Ingrown Pubic Hair
Not Another Ingrown Hair!
We have all at one time or another fallen victim to ingrown hairs. While this condition doesn't naturally manifest on its own, activities such as shaving often make it at an issue. An ingrown hair is nothing more than a hair that has failed to properly exit the hair follicle, and has instead grown in the opposite direction. The hair embeds itself in the skin, where it can cause irritation and even infection. Ingrown hairs can even cause acne, as they create pore blockages. Sebum is allowed to accumulate inside and the acne bacteria breeding frenzy begins. Now, getting ingrown hairs on your face or arm is one thing. But, many people are reporting to have ingrown pubic hairs. To those that are unfamiliar with this condition, the appearance of such lesions in these private regions often proves to be alarming. Many people actually mistake ingrown pubic hairs for an STD such as herpes. While this may be intimidating to treat at first, there is really nothing to it. With the right products and a little patience, you can effectively treat and prevent ingrown pubic hairs.
Treating Ingrown Pubic Hair
Since an ingrown pubic hair often resembles an acne lesion, we have that impulse to squeeze at it. This is one of the worst things you can do. From an aesthetic vantage point, this is a poor choice of action. You will cause scarring that can only be reversed with a professional treatment. On a more important note, squeezing simply makes the problem worse. You are pushing the hair strand further down into the follicle, increasing the chance of infection and elongating treatment time. What needs to carried out is some exfoliation. This will help bring the trapped hair strand back to the surface of the skin where it can be removed.

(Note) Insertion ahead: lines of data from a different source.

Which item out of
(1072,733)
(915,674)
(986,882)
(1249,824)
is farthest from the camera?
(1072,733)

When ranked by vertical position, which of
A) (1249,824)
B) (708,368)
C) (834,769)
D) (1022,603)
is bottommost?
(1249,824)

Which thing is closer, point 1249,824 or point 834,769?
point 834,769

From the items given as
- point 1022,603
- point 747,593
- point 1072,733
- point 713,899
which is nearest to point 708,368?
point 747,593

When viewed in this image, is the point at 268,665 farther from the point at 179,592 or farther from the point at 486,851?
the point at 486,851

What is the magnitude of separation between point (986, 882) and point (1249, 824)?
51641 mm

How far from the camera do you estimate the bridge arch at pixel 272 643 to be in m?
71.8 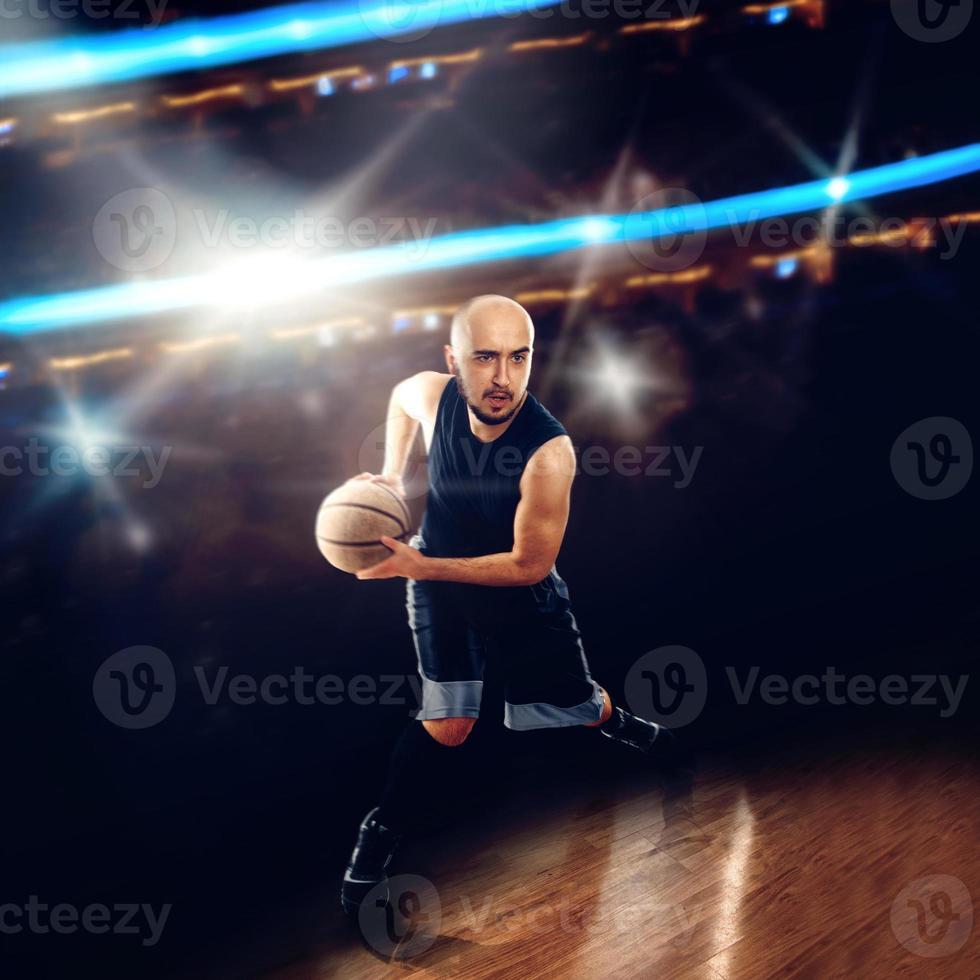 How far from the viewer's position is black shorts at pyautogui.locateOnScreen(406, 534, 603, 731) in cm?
219

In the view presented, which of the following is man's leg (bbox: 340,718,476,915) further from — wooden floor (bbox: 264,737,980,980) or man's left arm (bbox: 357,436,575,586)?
man's left arm (bbox: 357,436,575,586)

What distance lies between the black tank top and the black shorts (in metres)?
0.12

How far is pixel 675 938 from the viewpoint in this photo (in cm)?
191

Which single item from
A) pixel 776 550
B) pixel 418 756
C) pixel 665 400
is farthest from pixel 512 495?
pixel 776 550

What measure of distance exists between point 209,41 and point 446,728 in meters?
2.43

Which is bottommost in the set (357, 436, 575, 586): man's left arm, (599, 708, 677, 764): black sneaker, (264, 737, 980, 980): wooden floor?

The most popular choice for exfoliation is salicylic acid, which is an active ingredient in many popular acne products. You should wash the affected area with salicylic acid on a daily basis using a cleansing product. This should be done gently as to not further irritate the site of the ingrown pubic hair.

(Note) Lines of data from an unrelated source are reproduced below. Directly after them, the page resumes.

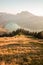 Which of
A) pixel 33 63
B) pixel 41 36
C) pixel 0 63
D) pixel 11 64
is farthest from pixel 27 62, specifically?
pixel 41 36

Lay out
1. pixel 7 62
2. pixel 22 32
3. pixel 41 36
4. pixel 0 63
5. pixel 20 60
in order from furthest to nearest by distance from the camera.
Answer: pixel 22 32 < pixel 41 36 < pixel 20 60 < pixel 7 62 < pixel 0 63

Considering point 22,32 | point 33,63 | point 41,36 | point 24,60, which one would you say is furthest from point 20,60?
point 22,32

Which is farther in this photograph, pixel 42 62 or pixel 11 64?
pixel 42 62

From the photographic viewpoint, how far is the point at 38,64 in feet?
91.1

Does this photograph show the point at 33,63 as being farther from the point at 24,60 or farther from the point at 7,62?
the point at 7,62

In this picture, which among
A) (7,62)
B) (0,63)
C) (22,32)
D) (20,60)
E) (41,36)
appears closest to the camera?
(0,63)

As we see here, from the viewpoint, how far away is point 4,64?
26531 millimetres

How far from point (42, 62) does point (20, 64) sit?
412 centimetres

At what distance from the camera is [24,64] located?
90.6 ft

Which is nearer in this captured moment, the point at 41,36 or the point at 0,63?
the point at 0,63

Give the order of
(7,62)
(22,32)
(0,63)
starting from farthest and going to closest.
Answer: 1. (22,32)
2. (7,62)
3. (0,63)

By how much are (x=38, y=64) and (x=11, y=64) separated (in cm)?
452

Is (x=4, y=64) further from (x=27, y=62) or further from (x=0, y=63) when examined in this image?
(x=27, y=62)

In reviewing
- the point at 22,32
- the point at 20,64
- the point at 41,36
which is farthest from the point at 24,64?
the point at 22,32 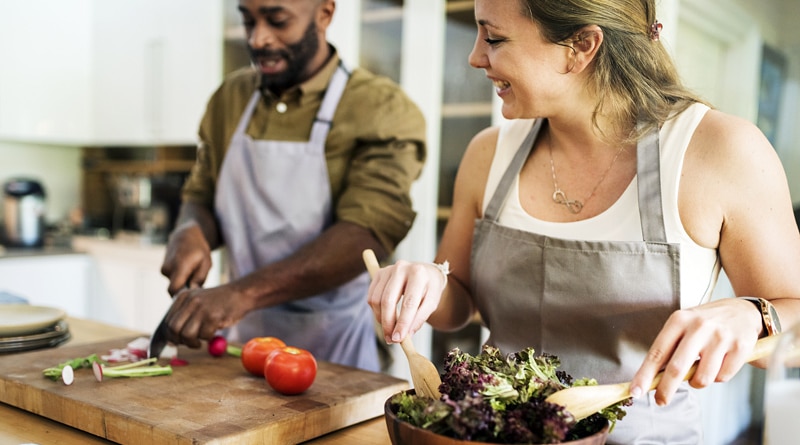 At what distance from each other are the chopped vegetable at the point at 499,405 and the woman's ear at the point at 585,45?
532 millimetres

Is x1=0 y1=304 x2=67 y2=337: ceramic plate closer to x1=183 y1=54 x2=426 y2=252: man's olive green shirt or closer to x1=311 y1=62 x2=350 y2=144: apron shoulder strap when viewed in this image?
x1=183 y1=54 x2=426 y2=252: man's olive green shirt

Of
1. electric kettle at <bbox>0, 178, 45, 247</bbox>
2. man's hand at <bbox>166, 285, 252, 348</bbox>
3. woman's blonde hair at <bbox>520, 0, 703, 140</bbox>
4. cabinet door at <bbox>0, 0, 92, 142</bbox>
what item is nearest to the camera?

You will find that some sites recommend tampering with the clogged follicle using a pin or other sharp object. This is not a good idea for more reasons than one. The ingrown hair should begin to show improvement with regular exfoliation in about a week, so there is absolutely no need to take drastic and dangerous measures.
If you really can't resist picking at the lesion, at least be sure it is ready to give way. Don't pick at is when it's overly tender and apparently not willing to budge. Have some rubbing alcohol handy to disinfect the site of the extraction as to keep any bacteria from migrating to nearby pores. Whatever you decide to do, avoid shaving while the ingrown pubic hair is still plaguing you. This will only make matters worse.
Preventing Ingrown Pubic Hair
If you really want to save yourself the hassle of dealing with these pesky ingrown hairs, there are some steps you can take to outright prevent them. Before shaving, make sure your skin is prepared. Take a warm bath to open up your hair follicles so that you have to exert less force while shaving. Be sure to exfoliate the area prior to shaving and afterwards for extra assurance. To keep irritation down, moisturize the area with a product like Cetaphil.
While shaving, always make sure to go with the grain and not against it. This can mean the difference between no ingrown pubic hairs and several of them. Try to replace your razor regularly so that you don't irritate your skin with a dull blade. If you implement all of these tips, your skin should be free of ingrown hairs in no time!